Spaced in a dazzling setting housed in a totem pole gallery at the Canadian Museum of History in Gatineau, Que., The party’s top five leaders clashed for the third and final debate, and only one in English, of this 36-day journey. . federal election campaign.

The debate excluded the leader of the Popular Party, Maxime Bernier, but about 200 of his supporters gathered outside when the leaders arrived.

Hours before it began, Quebec Prime Minister François Legault dropped a bomb in the federal campaign, the only provincial prime minister to launch such a devastating attack on incumbent Trudeau.
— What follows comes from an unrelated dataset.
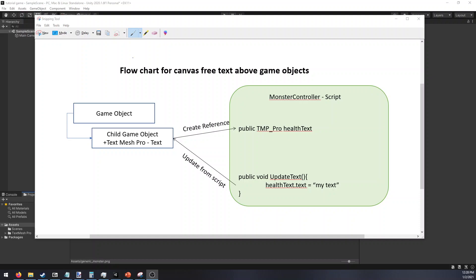Hello, today in Unity I'm going to show you how to create free text above game objects without having to use the canvas. This is important when you start getting tens or hundreds of game objects. Using all this canvas causes stress on the computer.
Legault rallied the Liberals, the NDP and the Greens, saying it is “worrying” that all three parties threaten Quebec’s ability to run its own affairs, and said Trudeau’s “meddling” approach “scares me.”

It wasn’t an outright endorsement of O’Toole, but Legault praised it. “It is up to Quebecers to choose,” Legault said, saying that “the three parties, the Liberal Party, the NDP and the Green Party, want to give us less autonomy. That seems dangerous to me. “

The televised clashes have the potential to shift public opinion, just as party strategists believe Canadians are tuning in to the election campaign, with only 10 days to go before Election Day.

In 2019, the federal debating commission said that more than 14 million people had watched the English debate and about 5 million the French one.